Game 1 was played at the Polo Grounds in New York. The game was tied 2-2 in the top of the 8th, but the Indians got Larry Doby on 2nd base and Al Rosen on 1st with nobody out.

Giant manager Leo Durocher pulled starting pitcher Sal Maglie, and brought in Don Liddle, a lefthander, to face the lefty slugger Vic Wertz, and only Wertz. Somehow, this got into Joe Torre's head (despite being a native of Brooklyn, Torre says he grew up as a Giants fan) and into Joe Girardi's binder (Girardi wasn't even born for another 10 years).

Liddle pitched, and Wertz swung, and drove the ball out to center field. The Polo Grounds was shaped more like a football stadium, so its foul poles were incredibly close: 279 feet to left field and 257 to right. In addition, the upper deck overhung the field a little, so the distances were actually even closer. But if you didn't pull the ball, it was going to stay in play. Most of the center field fence was 425 feet from home plate. A recess in center field, leading to a blockhouse that served as both teams' clubhouses -- why they were in center field, instead of under the stands, connected to the dugouts, is a mystery a long-dead architect will have to answer -- was 483 feet away.

Mays, at this point in his career, was already a big star. Just 23 years old, he had won that season's NL batting title. He had been NL Rookie of the Year in 1951, but had missed most of the 1952 season and all of 1953 serving in the U.S. Army, having been drafted into service in the Korean War. He had become known for playing stickball in the streets of Harlem with local boys in the morning, and then going off to the Polo Grounds to play real baseball in the afternoon. This raised his profile, and made him an accessible figure to City kids. His cap flying off as he ran around the bases, his defensive wizardry, and his yelling of, "Say hey!" endeared him to Giant fans.

While he made the "basket catch" nationally popular, he didn't invent it.
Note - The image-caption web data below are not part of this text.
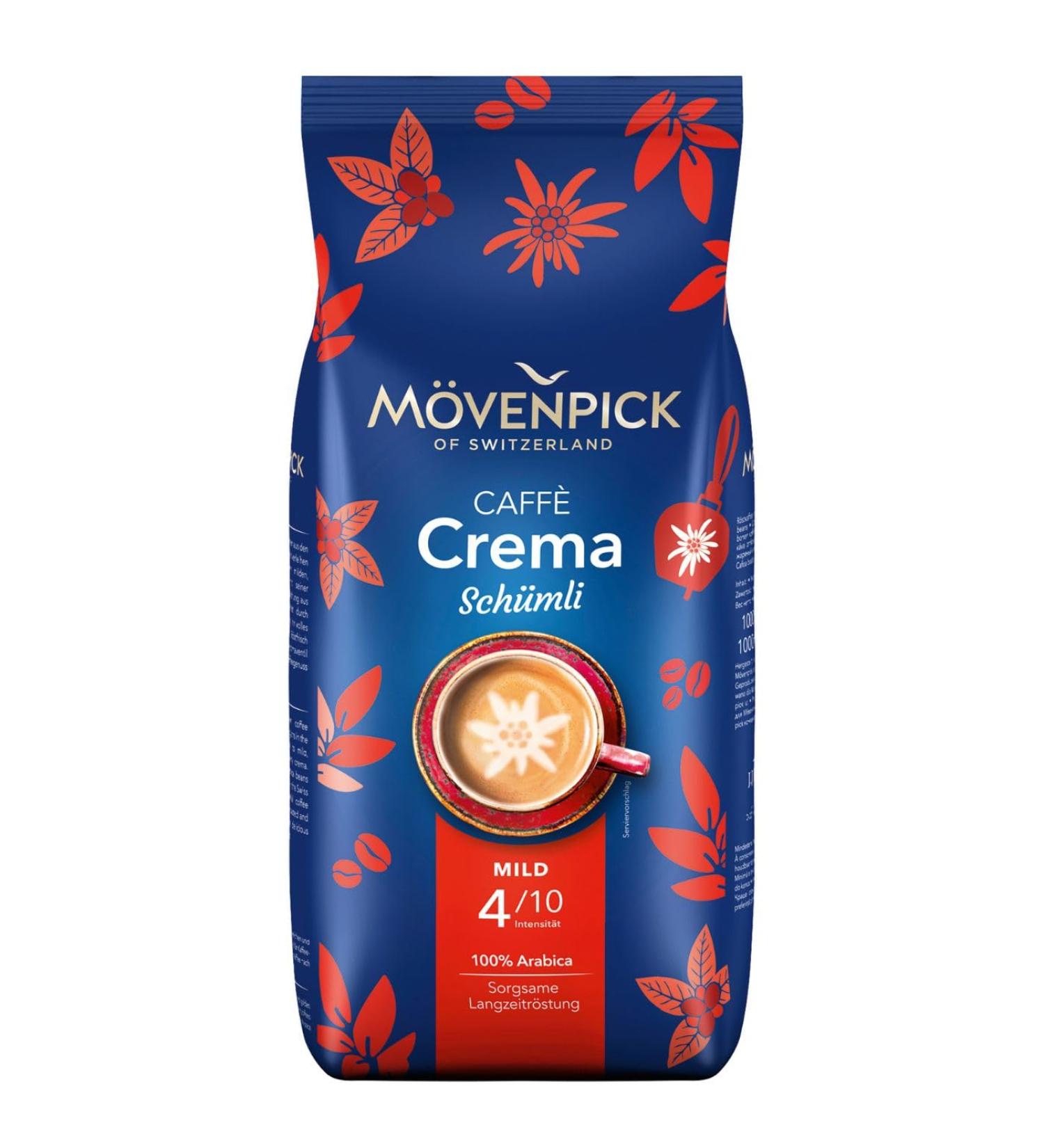 M venpick Sch mli - Caf en grain - 1 kilo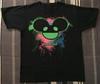 VTG Deadmau5 Album Short Sleeve Cotton Black S5XL T Shirt AG605 Unisex T-Shirt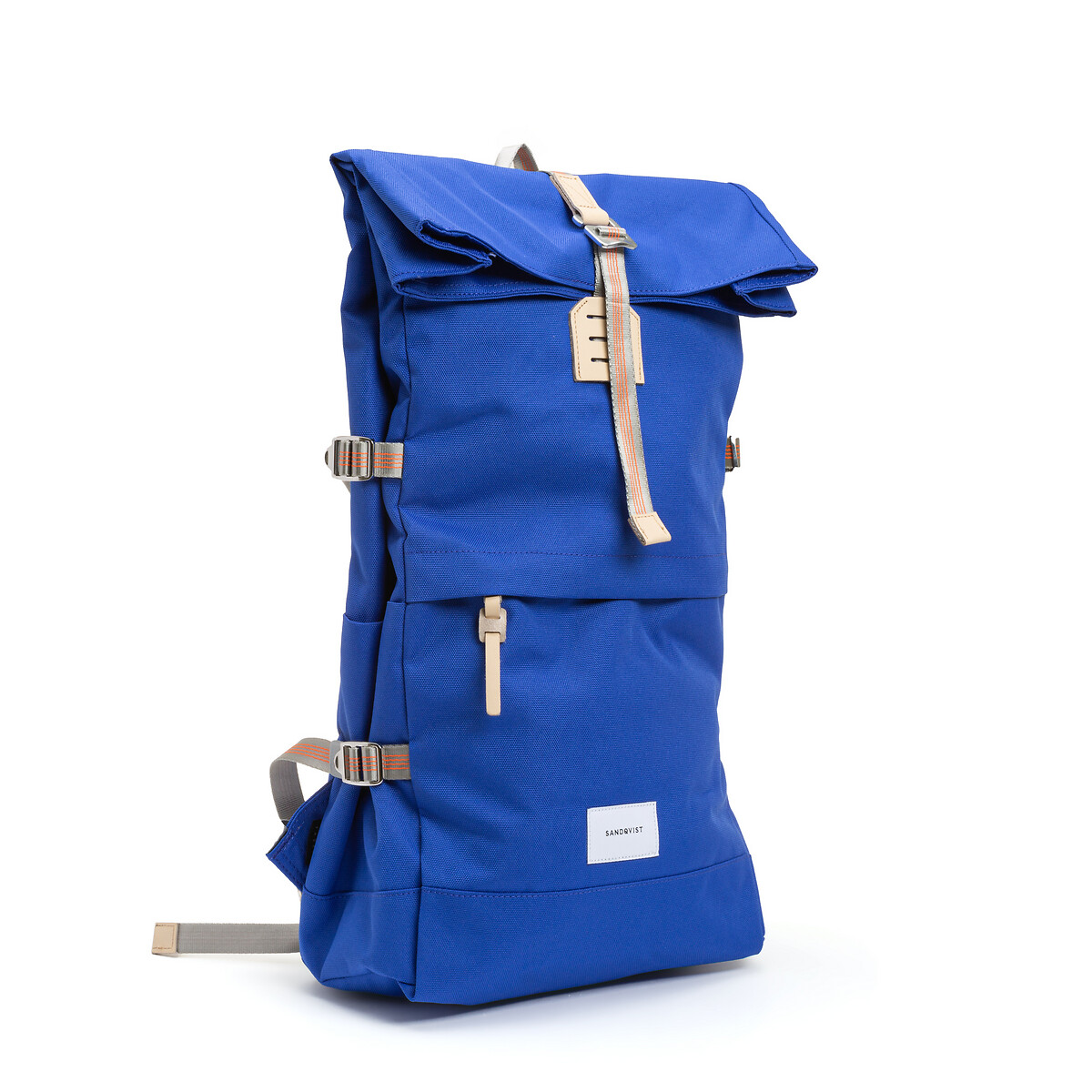 Рюкзак La Redoute С отделением для планшета  л BERNT единый размер синий - фото 2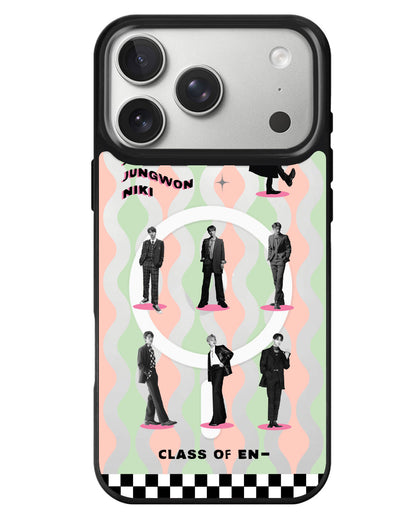 iPhone Rearguard MagSwap - Enhyphen Class Of Enhypen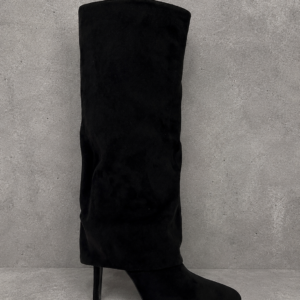BOOT TACO AGUJA CAPA GAMUZA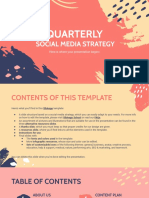 Quarterly Social Media Strategy by Slidesgo.pptx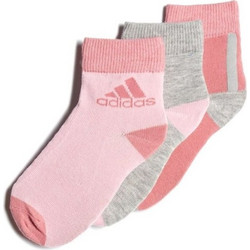 Adidas Ankle Socks 3 Pairs Παιδικές Κάλτσες GN7395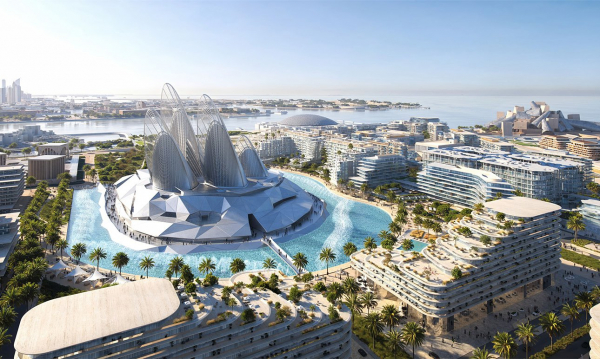 Мегамузей в Абу-Даби станет «исследовательским центром мирового уровня»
In fact, he wasn't even the 1st Giant to use it, as 3rd baseman Bill Rigney, who would succeed Durocher as manager in 1956, was using it in the 1940s.

Even so, the days when the Giants were the team in New York sports were long gone, this week's events notwithstanding. At this moment, Mays was, in the public consciousness, where Babe Ruth was in May 1920, where Joe DiMaggio and Ted Williams were in May 1941, where Mickey Mantle was in May 1956, where Reggie Jackson was in September 1977, where Roger Clemens was in April 1986, where Derek Jeter was in September 1996, where David Ortiz was in September 2004: A star, well-known and popular, but not yet a legend.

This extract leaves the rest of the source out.